By Rock Mayock 1:40 p.m. | Sad news has broken today. Former USC, San Diego Chargers, Miami Dolphins and New England Patriots superstar linebacker Junior Seau was found dead in his Oceanside, CA home from a self inflicted gunshot. He was only 43. The FOOTBALLPHDS will not dignify the media frenzy surrounding the circumstances of Seau’s untimely passing as we would rather recognize the man for his accomplishments on and off the gridiron.
Junior Seau truly is an American success story. Raised in Samoa his ancestral roots run deep in the islands. His great grandfather was a village chief in Pago Pago. At an early age his parents migrated from Samoa to Camp Pendleton where his father worked as a school janitor and his mother at both the Camp commissary and a Laundromat. The Seau family shuttled between American Samoa and the mainland for several years before establishing permanent roots in San Diego when Junior was 7. The family remained a blue collar working class family throughout Junior’s childhood. Despite these economic challenges Junior excelled at basketball, football and track while attending Oceanside High. Junior used his athletic prowess to earn a scholarship to play football at USC.

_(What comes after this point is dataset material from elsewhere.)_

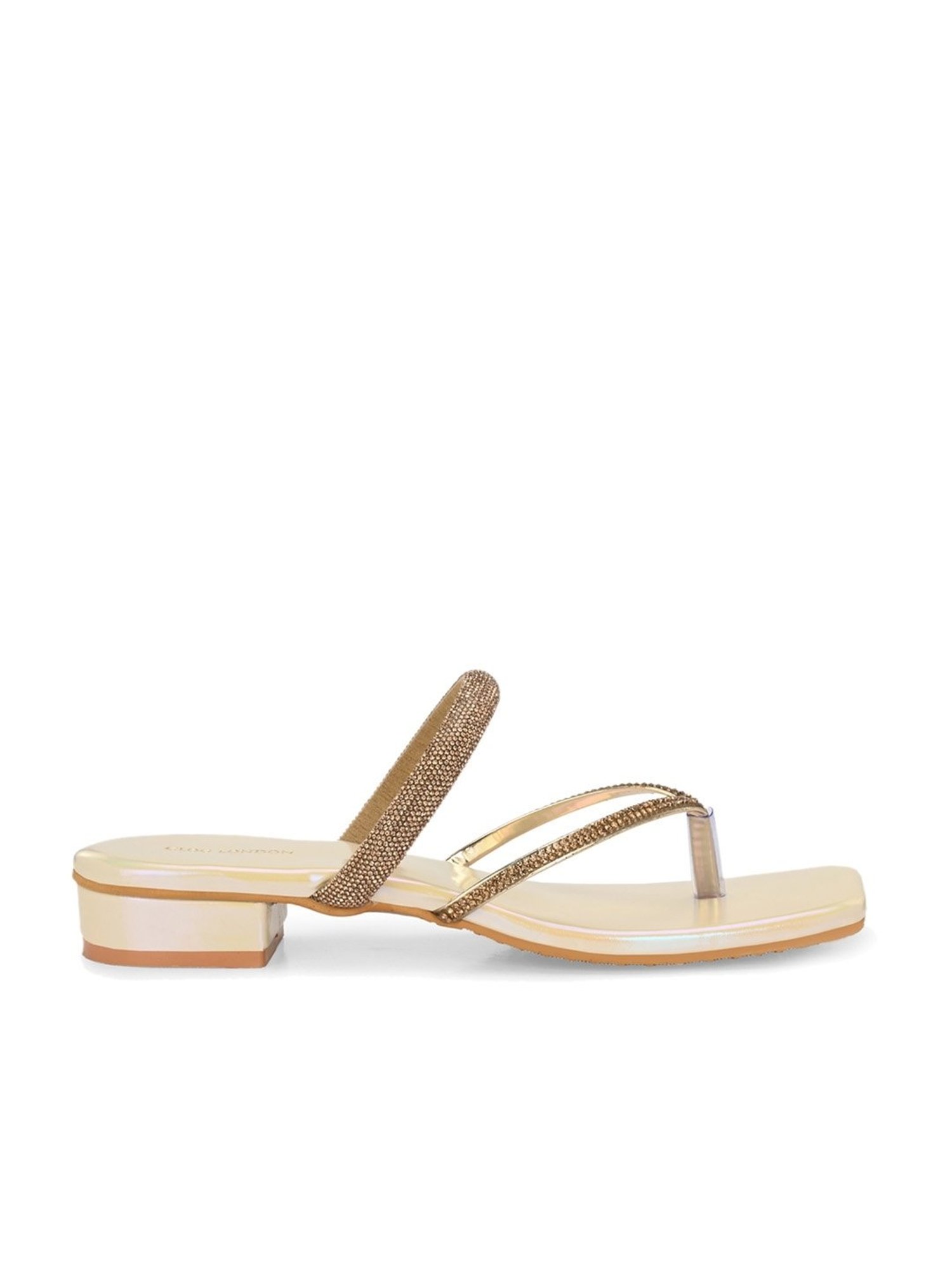 Clog London Women's Cream Thong Sandals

While at USC Junior was forced to sit out his freshman year due to academic ineligibility (his 690 SAT score was below the minimum standard of 700 for freshman eligibility). Seau used this experience and the ensuing personal and family scrutiny from the Samoan community to fuel his incredible athletic and academic performance during his next three seasons at USC. In his own words:
""I was labeled a dumb jock. I went from being a four-sport star to an ordinary student at USC. I found out who my true friends were. Nobody stuck up for me—not our relatives, best friends or neighbors. There's a lot of jealousy among Samoans, not wanting others to get ahead in life, and my parents got an earful at church: 'We told you he was never going to make it.'"
Junior didn’t only make it at USC, he dominated. He was the originator of the “Immaculate Jersey,” a privilege reserved for only a chosen few USC linebackers. Other USC linebackers who have donned the #55 Immaculate Jersey are Jack Del Rio (pre Seau but he still counts), Willie McGinest, Chris Claiborne, Markus Steele (we’ll conveniently forget about him), and Keith Rivers. Junior went on to become consensus All American in 1989 and the #5 overall pick to the San Diego Chargers in 1990.
During his Hall of Fame NFL career Junior Seau redefined the linebacker position. Both his production and work ethic were legendary and the on the field results cannot be disputed.
12 Pro Bowls: 1991, 1992, 1993, 1994, 1995, 1996, 1997, 1998, 1999, 2000, 2001 and 2002
10 Time All Pro: 1991, 1992, 1993, 1994, 1995, 1996, 1997, 1998, 1999 and 2000
AFC Player of the Year: 1994
Career Tackles: 1,849
Career Sacks: 56.5
Career Interceptions: 18
Career Forced Fumbles: 3
Career Pass Deflections: 21
Outside of the NFL Junior was heavily involved in both business and charitable endeavors. His Mission Valley based restaurant, Seau’s The Restaurant, has been a San Diego institution since it opened it's doors in 1996. Junior also started an apparel line aptly titled Say-Ow. Since 1992, the Junior Seau Foundation has worked to assist young adults by educating about child abuse prevention, drug and alcohol abuse awareness, offer after-school education and recreation programs in addition to fighting juvenile delinquency.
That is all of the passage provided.